[Task description]: Could you give back exactly the lines below from the one with "SkylerBennet online show" through the one with "Блок управления климат-контролем", without a single picture?
━━━━━━
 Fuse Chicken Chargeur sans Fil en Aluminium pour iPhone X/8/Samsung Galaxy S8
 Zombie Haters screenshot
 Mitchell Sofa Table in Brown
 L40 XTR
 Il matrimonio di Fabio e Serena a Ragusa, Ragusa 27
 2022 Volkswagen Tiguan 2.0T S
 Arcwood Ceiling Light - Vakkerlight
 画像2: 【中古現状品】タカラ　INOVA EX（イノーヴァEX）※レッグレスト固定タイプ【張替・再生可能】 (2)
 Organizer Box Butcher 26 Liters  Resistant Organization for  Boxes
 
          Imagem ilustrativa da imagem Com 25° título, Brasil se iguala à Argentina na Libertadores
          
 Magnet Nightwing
━━━━━━
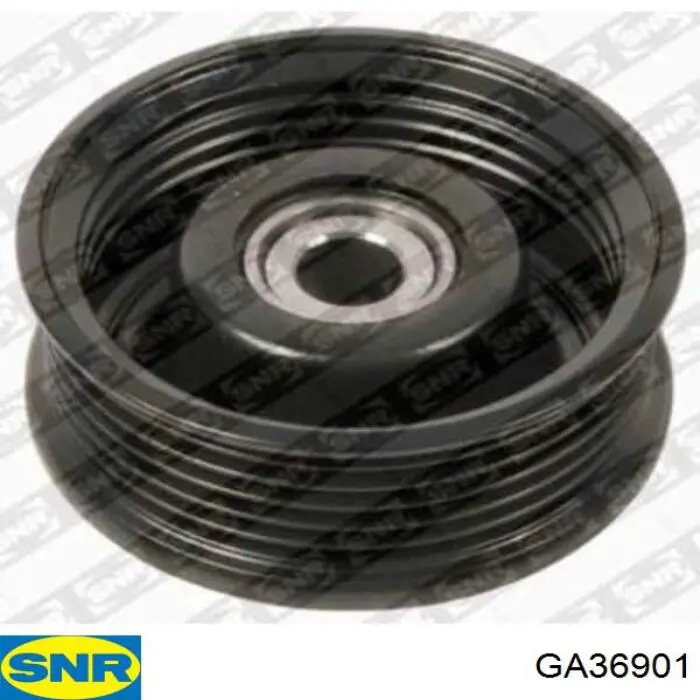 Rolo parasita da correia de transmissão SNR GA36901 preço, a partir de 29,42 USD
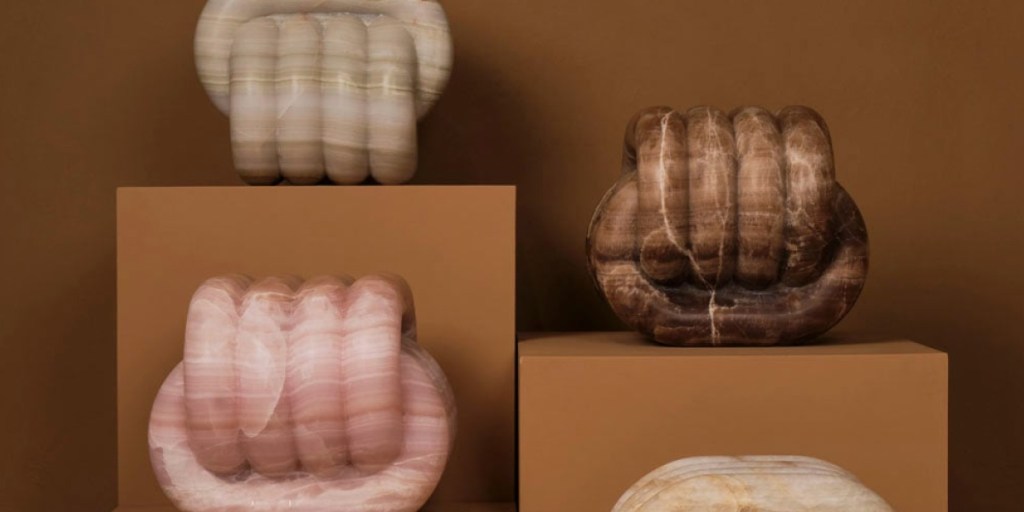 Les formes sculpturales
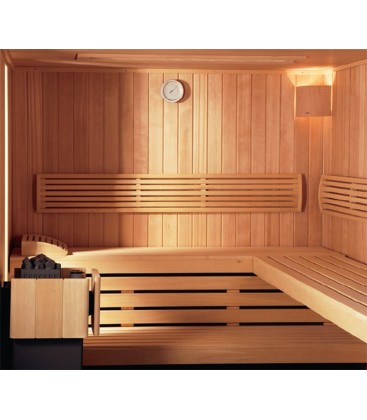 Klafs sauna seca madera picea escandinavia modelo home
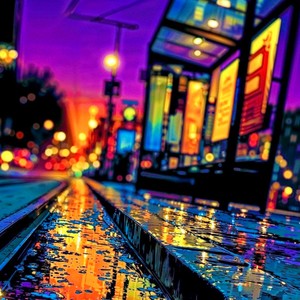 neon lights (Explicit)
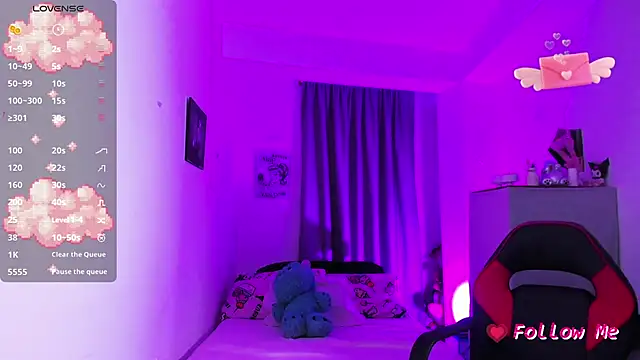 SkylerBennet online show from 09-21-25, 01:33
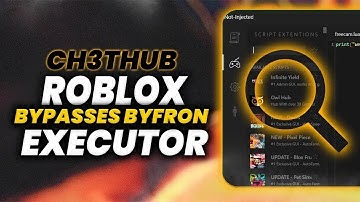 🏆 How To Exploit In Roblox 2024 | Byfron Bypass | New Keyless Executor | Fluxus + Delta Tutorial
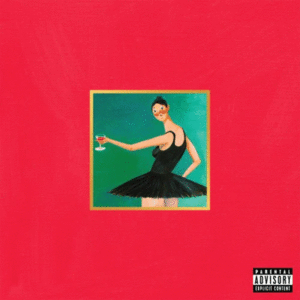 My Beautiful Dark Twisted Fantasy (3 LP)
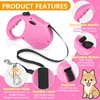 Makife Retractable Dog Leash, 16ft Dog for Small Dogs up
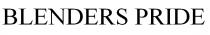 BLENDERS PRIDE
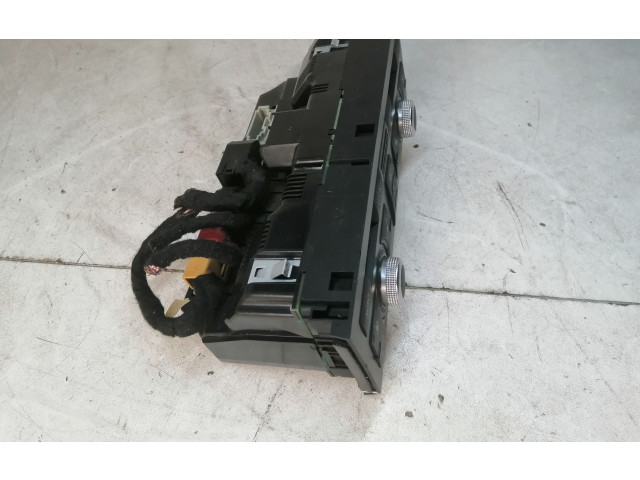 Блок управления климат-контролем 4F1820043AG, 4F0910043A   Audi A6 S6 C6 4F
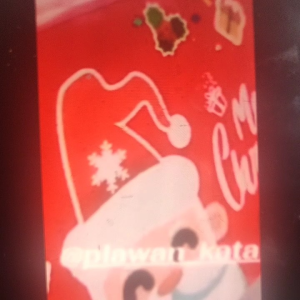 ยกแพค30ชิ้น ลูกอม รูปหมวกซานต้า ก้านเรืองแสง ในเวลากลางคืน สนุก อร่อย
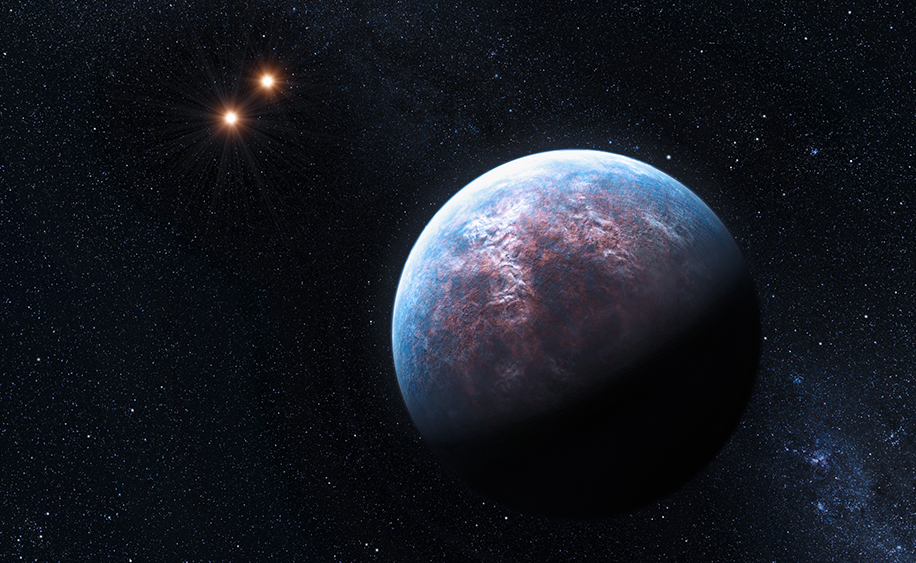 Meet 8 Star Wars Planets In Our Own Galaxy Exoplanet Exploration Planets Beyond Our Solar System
━━━━━━
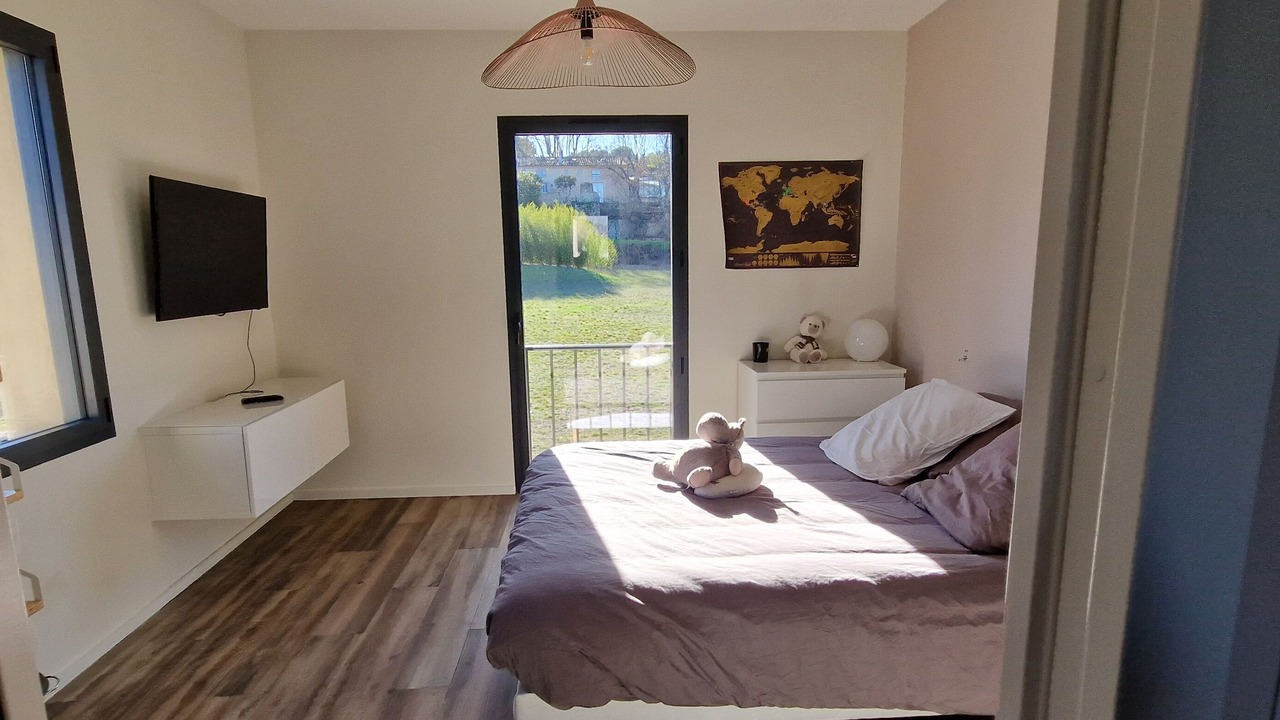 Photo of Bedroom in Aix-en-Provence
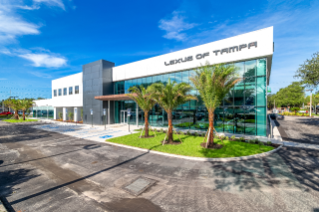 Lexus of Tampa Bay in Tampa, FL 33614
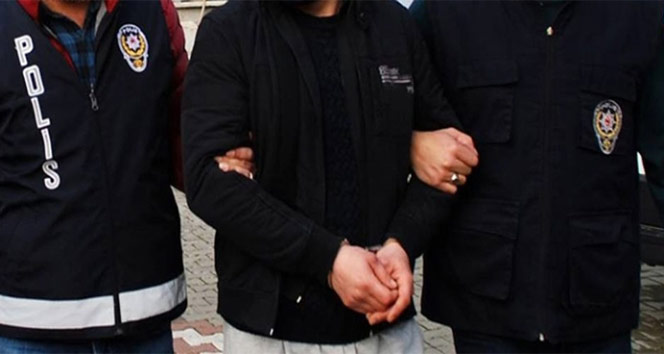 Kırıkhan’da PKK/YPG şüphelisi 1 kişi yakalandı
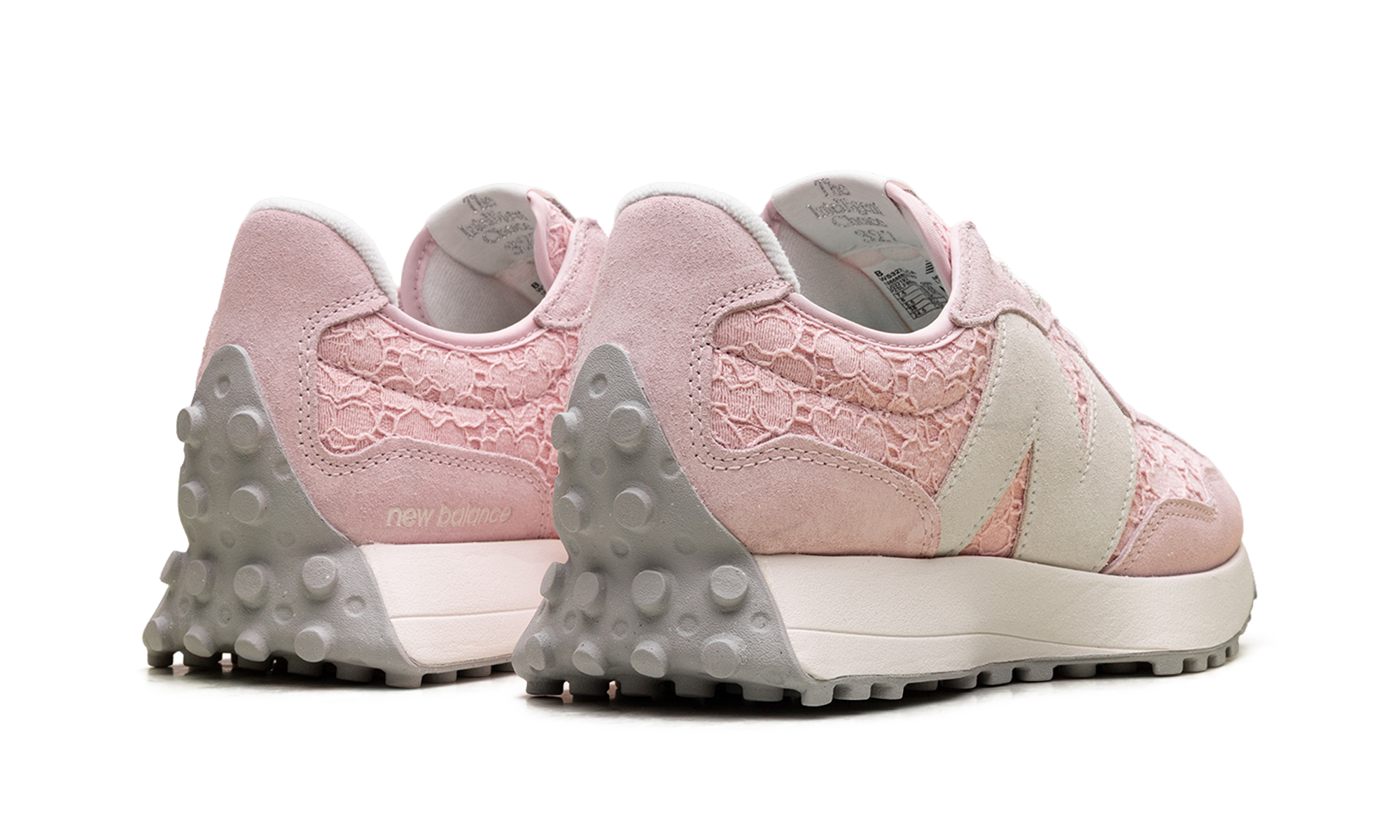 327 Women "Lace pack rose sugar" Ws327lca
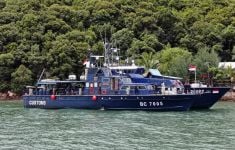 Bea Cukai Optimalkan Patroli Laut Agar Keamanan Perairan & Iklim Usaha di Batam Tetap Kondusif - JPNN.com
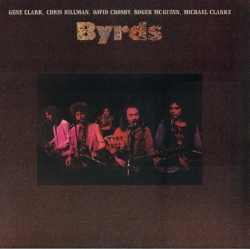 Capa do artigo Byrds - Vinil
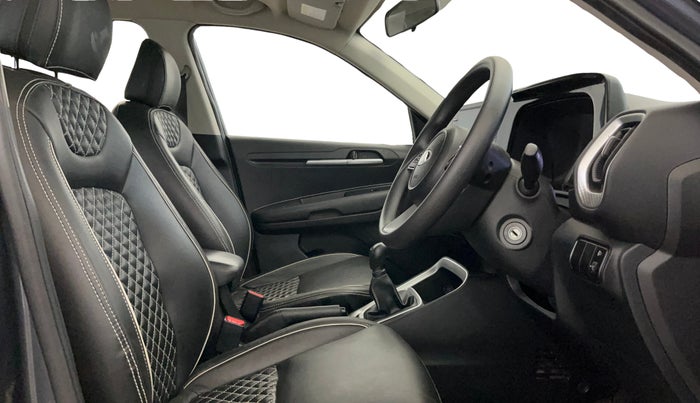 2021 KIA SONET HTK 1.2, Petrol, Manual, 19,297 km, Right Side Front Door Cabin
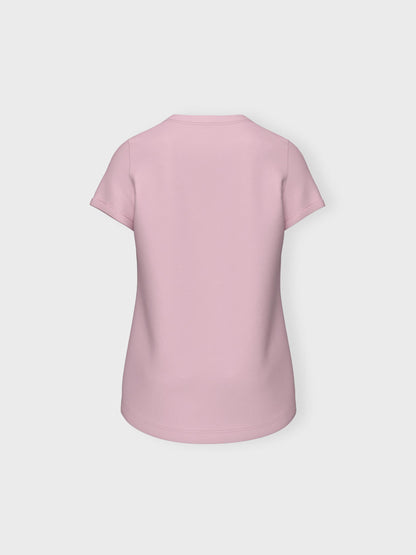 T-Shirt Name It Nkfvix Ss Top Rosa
━━━━━━
[Written response]:
 SkylerBennet online show from 09-21-25, 01:33
 🏆 How To Exploit In Roblox 2024 | Byfron Bypass | New Keyless Executor | Fluxus + Delta Tutorial
 My Beautiful Dark Twisted Fantasy (3 LP)
 Makife Retractable Dog Leash, 16ft Dog for Small Dogs up
 BLENDERS PRIDE
 Блок управления климат-контролем 4F1820043AG, 4F0910043A   Audi A6 S6 C6 4F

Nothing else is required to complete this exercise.